Exercise goal:
Reproduce every line of the data, exactly and without its pictures.

(Pictures with short captions)
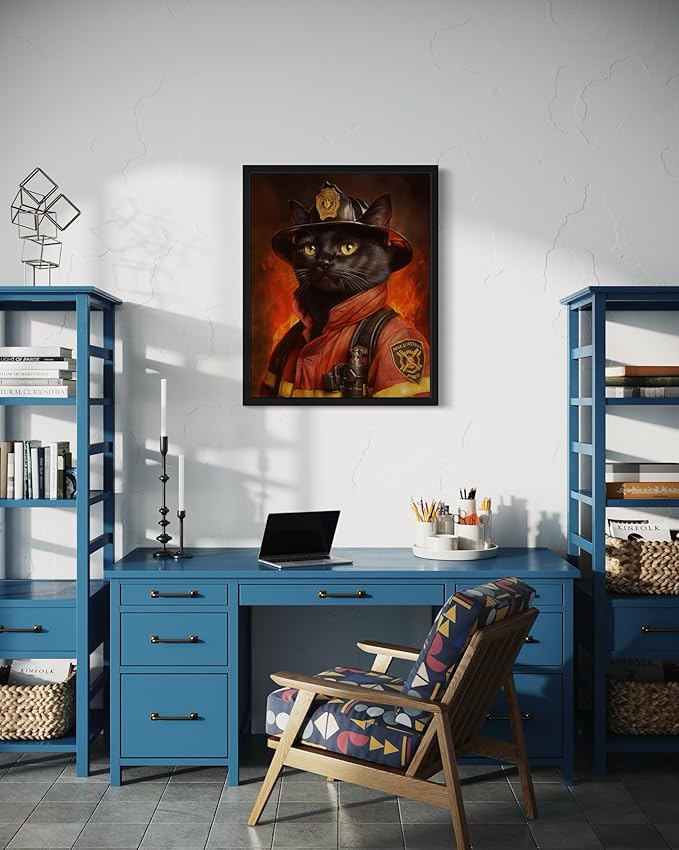 Firefighter Portrait Art Poster Print, Cat Kitten Painting Humor Portrait Pet Artwork Decor Gallery A8 (Firefighter, 8 x 10 inches, Unframed)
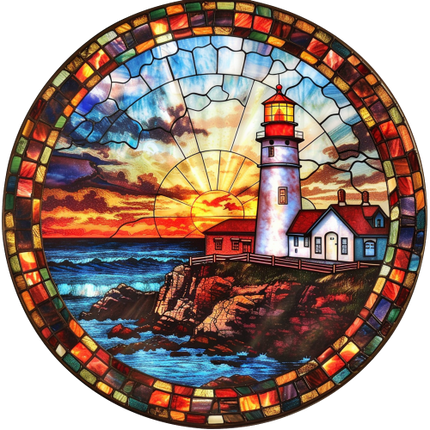 (150-31) Stained Glass Lighthouse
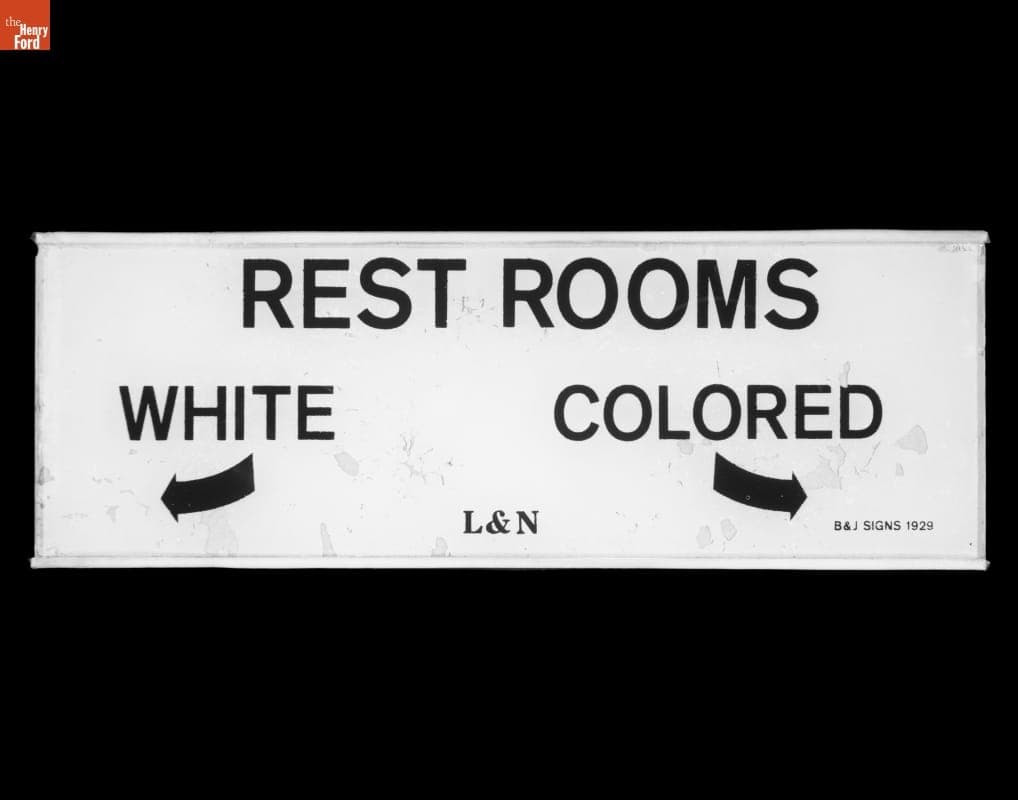 Louisville and Nashville Railroad Restroom Sign, 1929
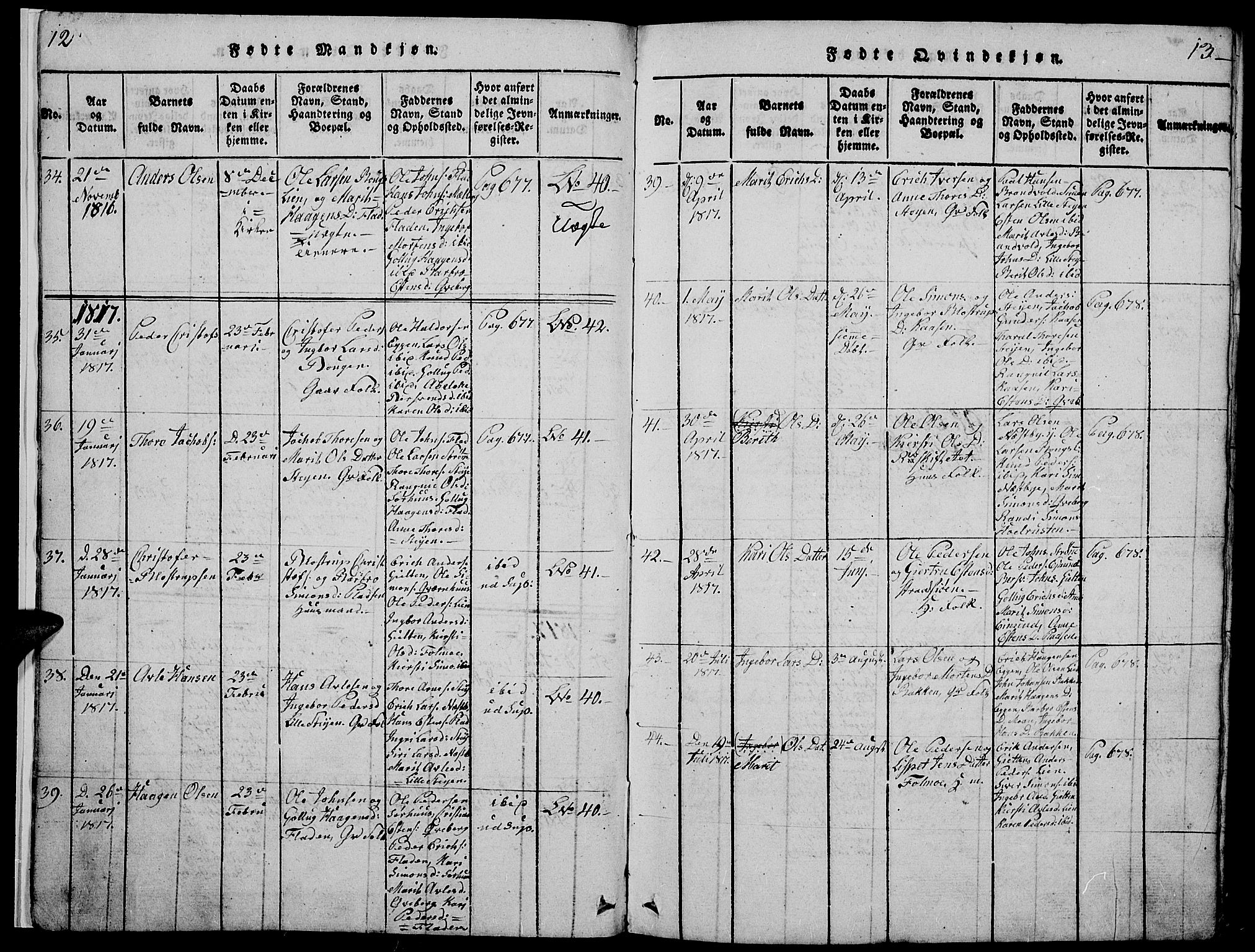 Tynset prestekontor, SAH/PREST-058/H/Ha/Hab/L0002: Parish register (copy) no. 2, 1814-1862, p. 12-13
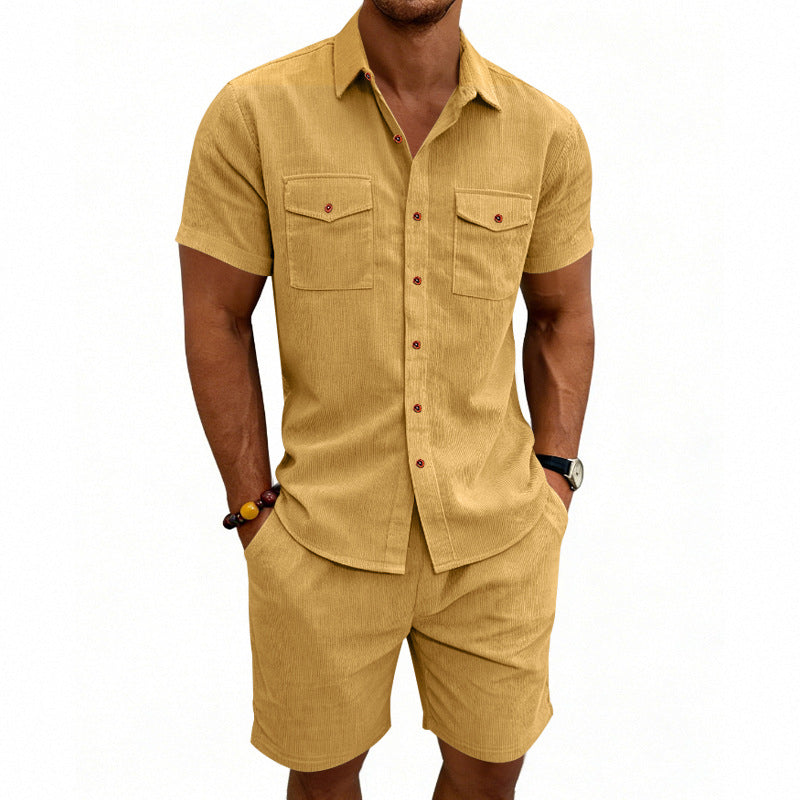 Men's structured cord leisure set with camp collar shirt and casual shorts StylebySassy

Output for this task:
 Firefighter Portrait Art Poster Print, Cat Kitten Painting Humor Portrait Pet Artwork Decor Gallery A8 (Firefighter, 8 x 10 inches, Unframed)
 (150-31) Stained Glass Lighthouse
 Louisville and Nashville Railroad Restroom Sign, 1929
 Tynset prestekontor, SAH/PREST-058/H/Ha/Hab/L0002: Parish register (copy) no. 2, 1814-1862, p. 12-13
 Men's structured cord leisure set with camp collar shirt and casual shorts StylebySassy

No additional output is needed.